(DATA SHOWN begins)

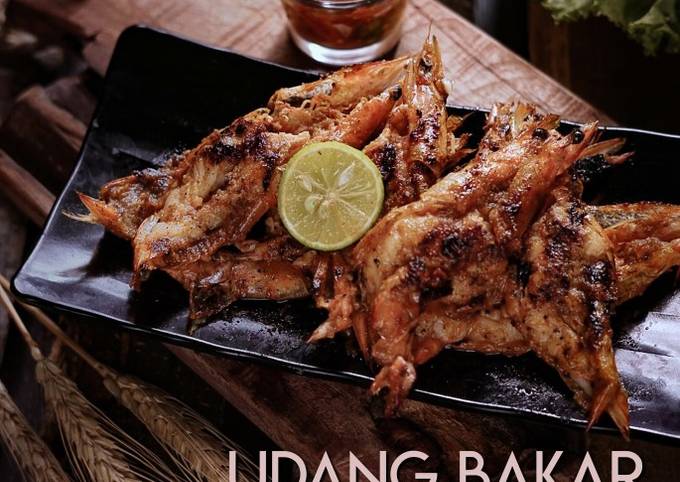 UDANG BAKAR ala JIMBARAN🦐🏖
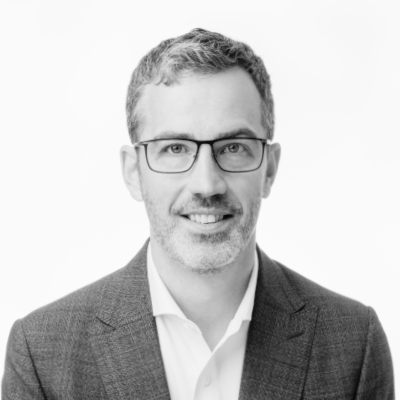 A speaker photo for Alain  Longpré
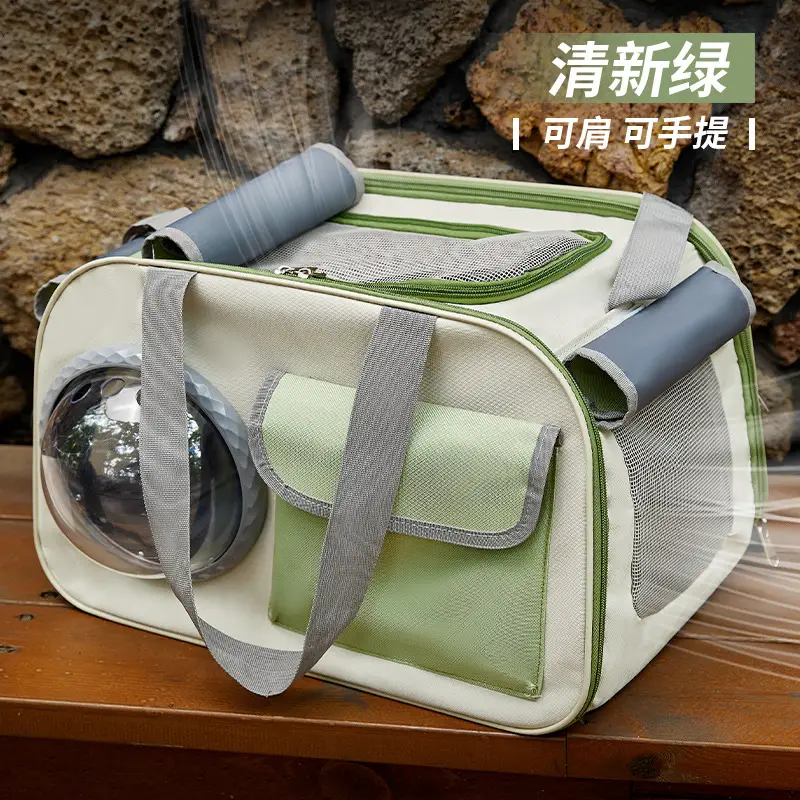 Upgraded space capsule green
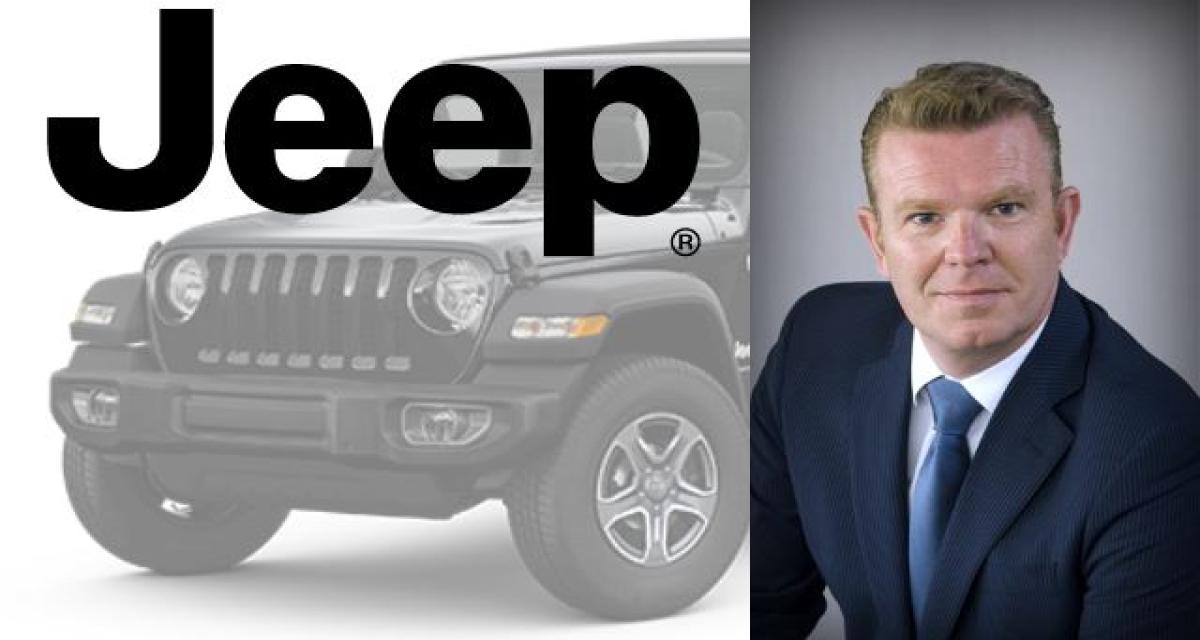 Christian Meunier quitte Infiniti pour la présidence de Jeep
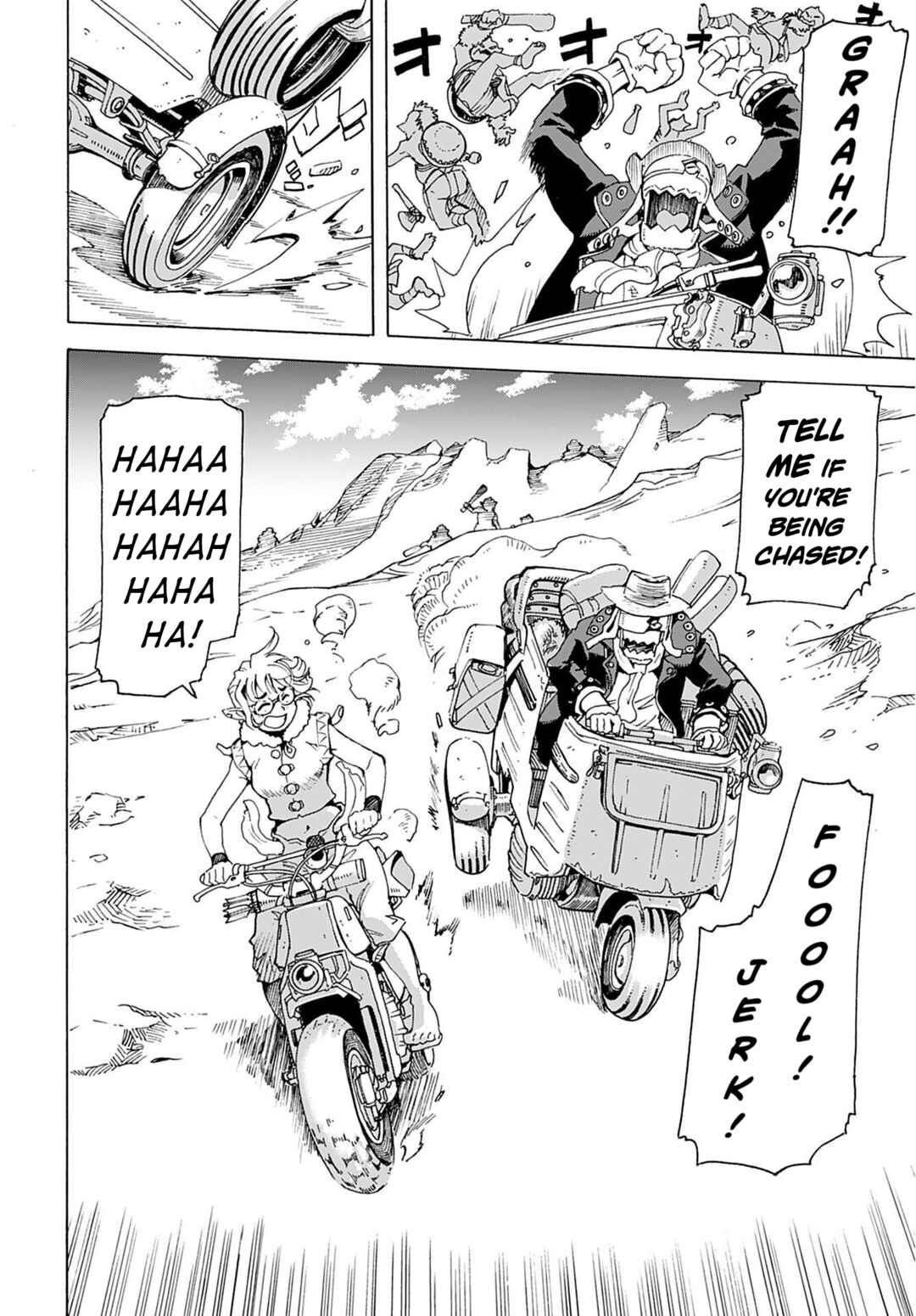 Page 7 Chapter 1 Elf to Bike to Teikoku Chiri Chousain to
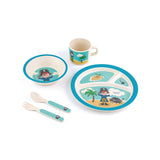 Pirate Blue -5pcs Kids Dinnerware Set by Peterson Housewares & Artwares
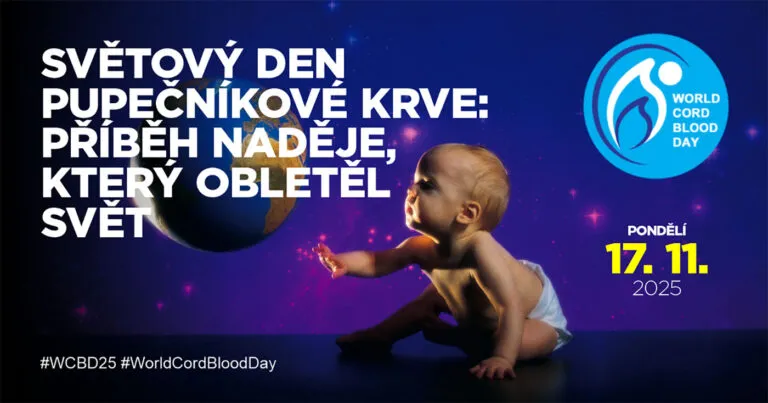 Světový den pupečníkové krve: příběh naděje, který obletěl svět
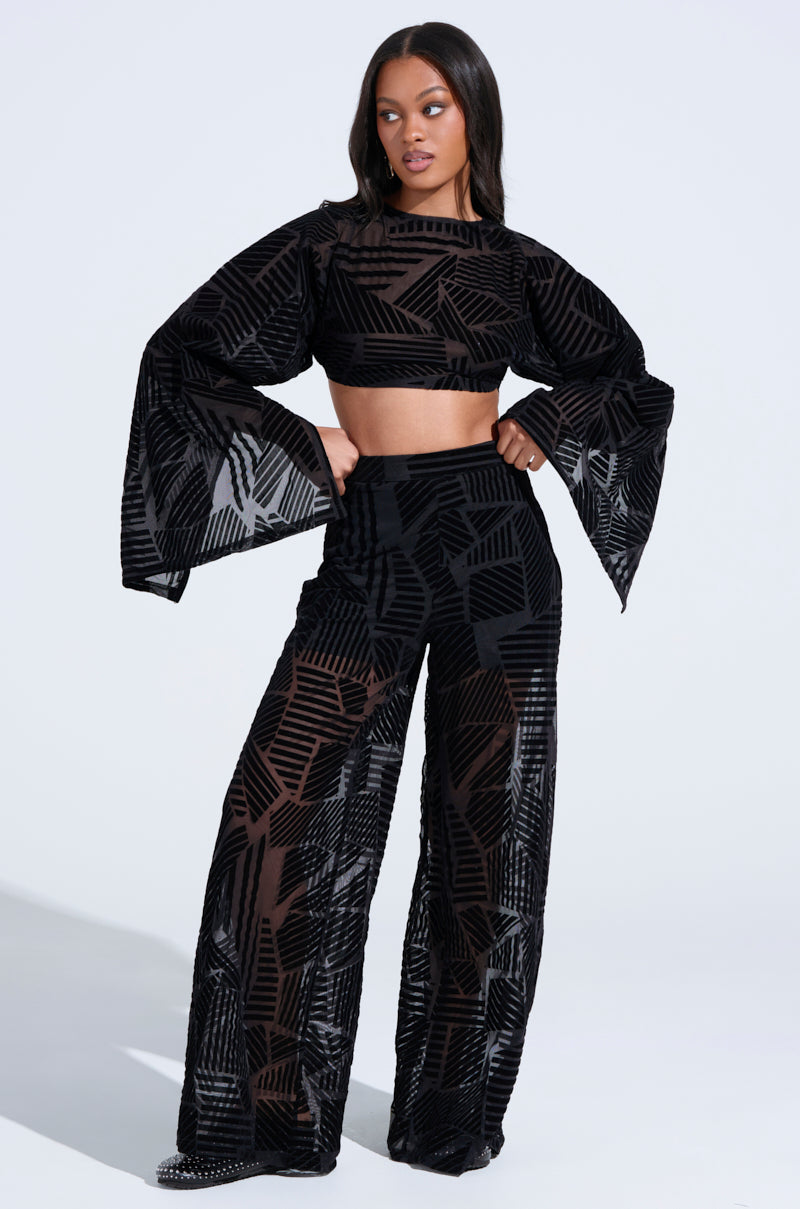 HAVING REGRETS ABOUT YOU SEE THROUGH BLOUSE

(DATA SHOWN ends)
(DATA SHOWN begins)

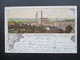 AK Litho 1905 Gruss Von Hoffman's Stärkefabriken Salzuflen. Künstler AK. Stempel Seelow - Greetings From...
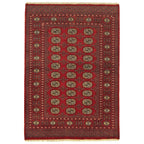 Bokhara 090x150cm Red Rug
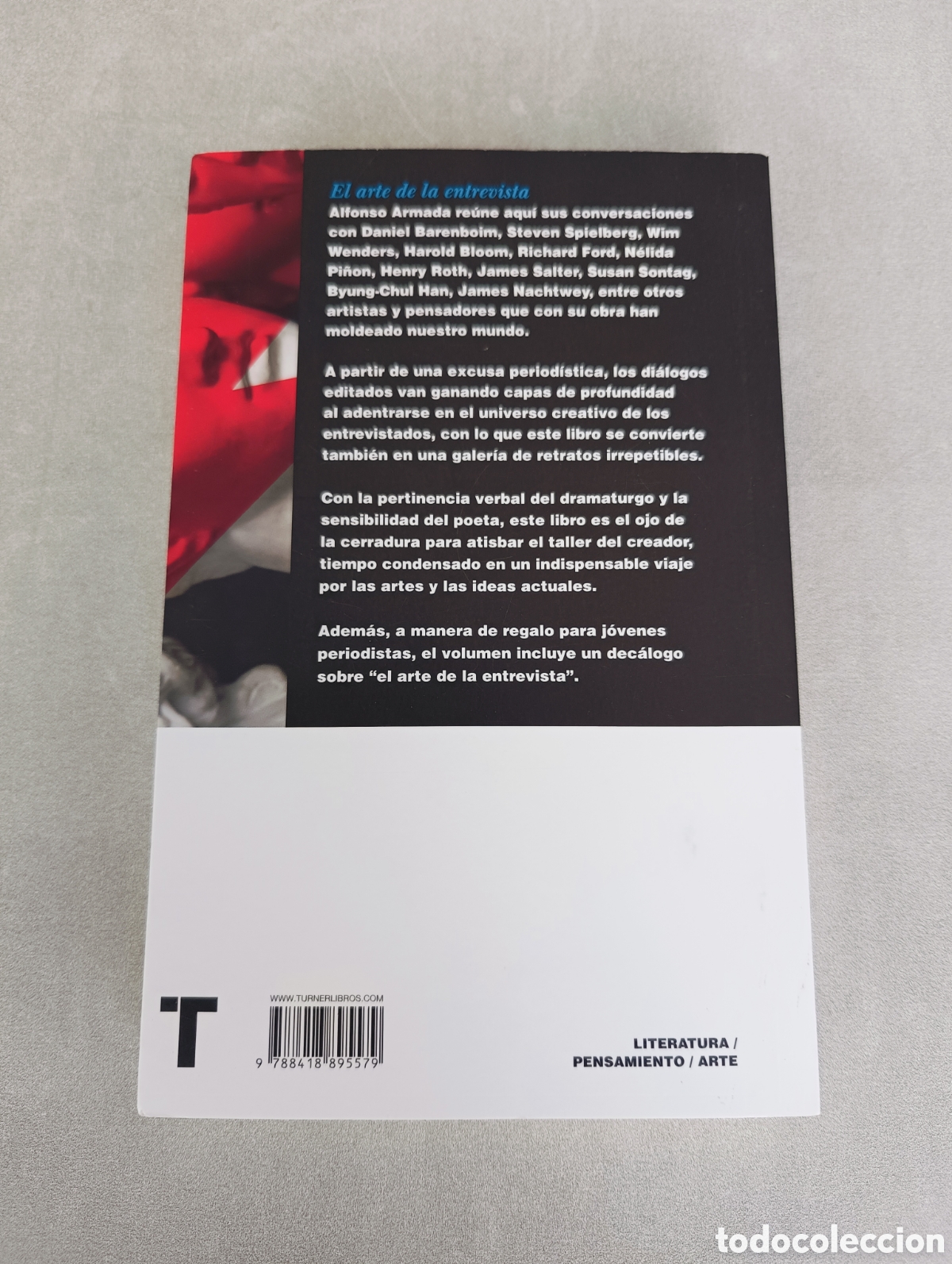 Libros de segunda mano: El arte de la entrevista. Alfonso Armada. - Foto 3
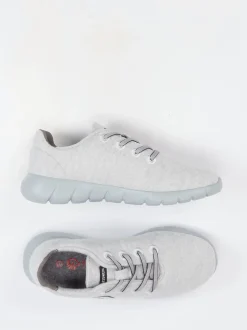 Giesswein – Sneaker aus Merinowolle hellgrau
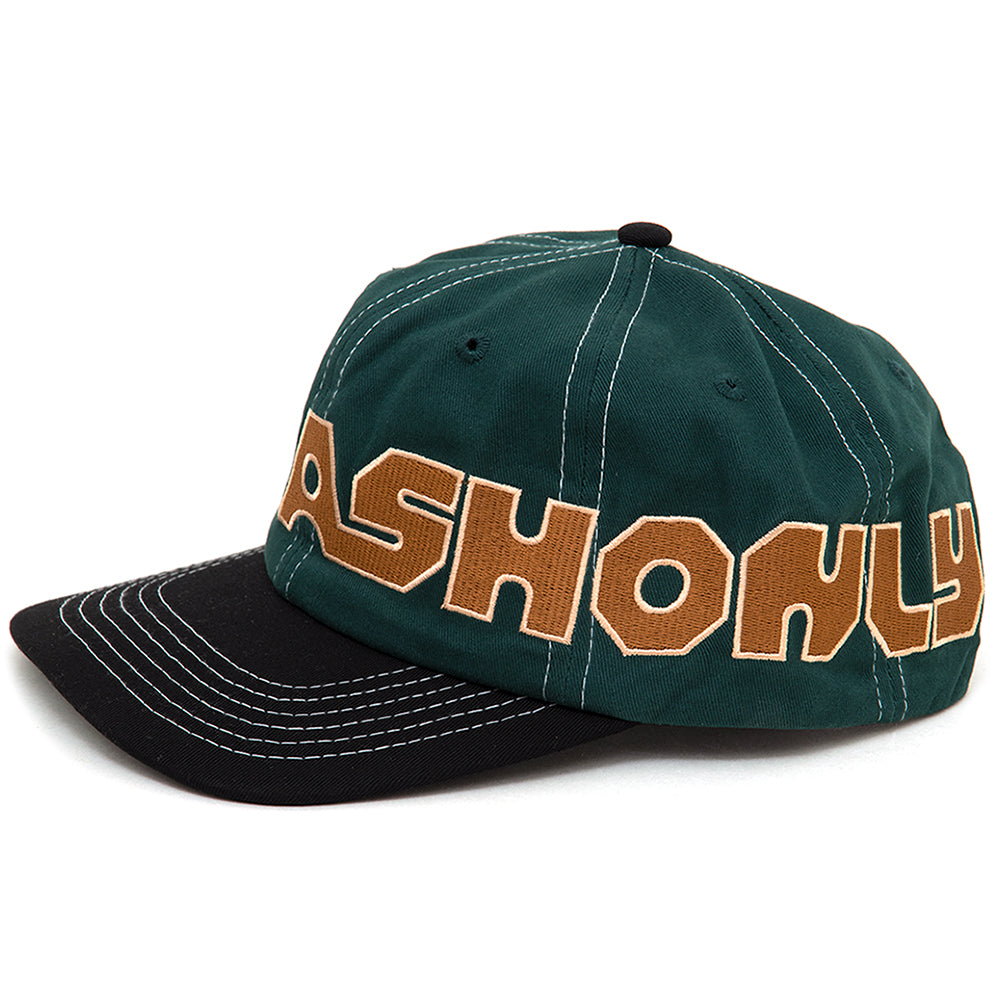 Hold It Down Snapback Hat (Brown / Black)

(DATA SHOWN ends)

## WHAT YOU SHOULD DO
Using the data above, return the lines from the one holding "A speaker photo" through the one holding "HAVING REGRETS ABOUT YOU SEE THROUGH BLOUSE" exactly, but not the pictures.

## COMPLETED TASK
 A speaker photo for Alain  Longpré
 Upgraded space capsule green
 Christian Meunier quitte Infiniti pour la présidence de Jeep
 Page 7 Chapter 1 Elf to Bike to Teikoku Chiri Chousain to
 Pirate Blue -5pcs Kids Dinnerware Set by Peterson Housewares & Artwares
 Světový den pupečníkové krve: příběh naděje, který obletěl svět
 HAVING REGRETS ABOUT YOU SEE THROUGH BLOUSE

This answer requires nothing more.